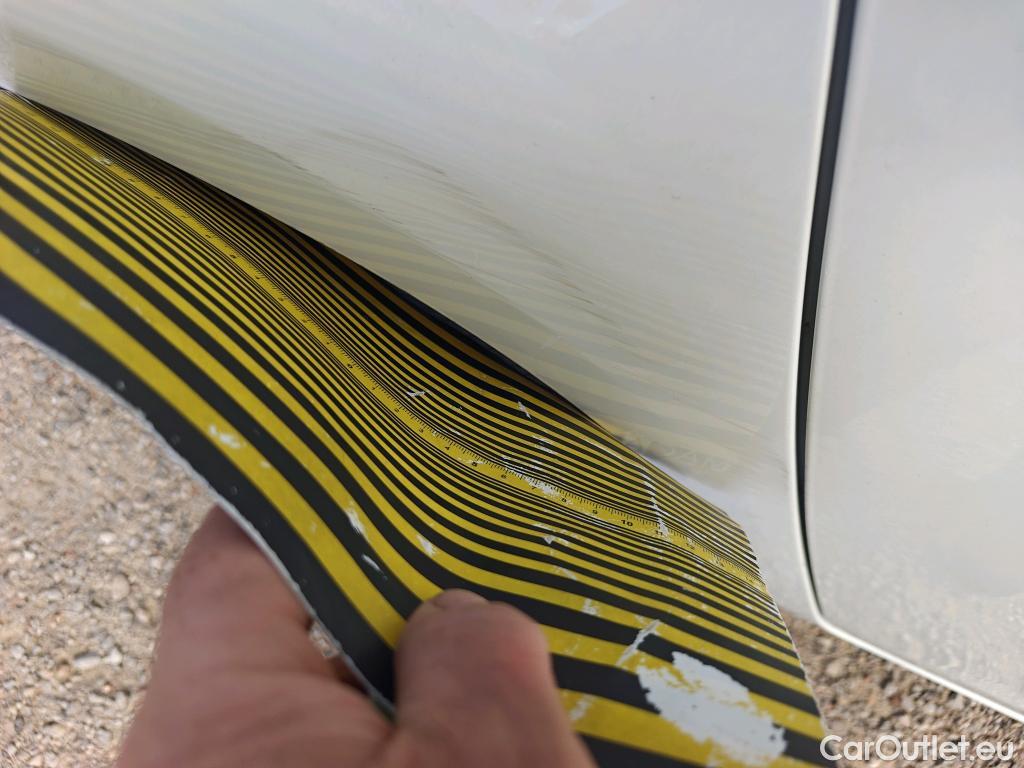  Peugeot  308 PEUGEOT  / 2017 / 5P / berlina con portón 5p Style BlueHDi 130 S&S #4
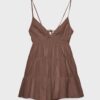 Vestido curto esvoaçante com detalhe de laço nas costas Vestido curto esvoaçante com detalhe de laço nas costas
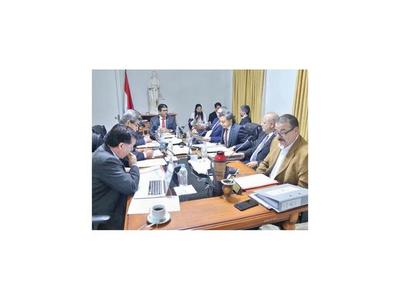 Sin revelar sesión reservada, el CM ternó a dos mujeres para la Corte
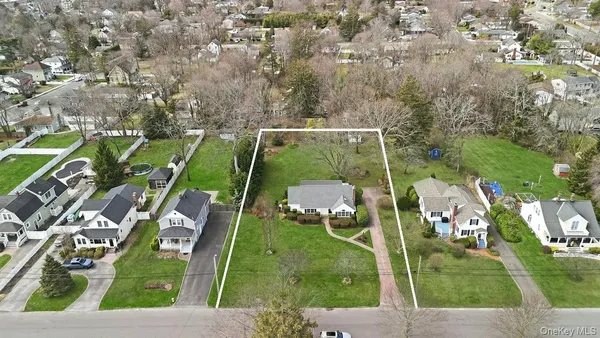 $739,999 | 110 Macon Avenue, Sayville, NY 11782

*PROBLEM TO WORK ON:* Pictures are to be left out; all other data must be returned exactly.

*FINISHED EXERCISE:*
  Peugeot  308 PEUGEOT  / 2017 / 5P / berlina con portón 5p Style BlueHDi 130 S&S #4
 Vestido curto esvoaçante com detalhe de laço nas costas Vestido curto esvoaçante com detalhe de laço nas costas
 Sin revelar sesión reservada, el CM ternó a dos mujeres para la Corte
 $739,999 | 110 Macon Avenue, Sayville, NY 11782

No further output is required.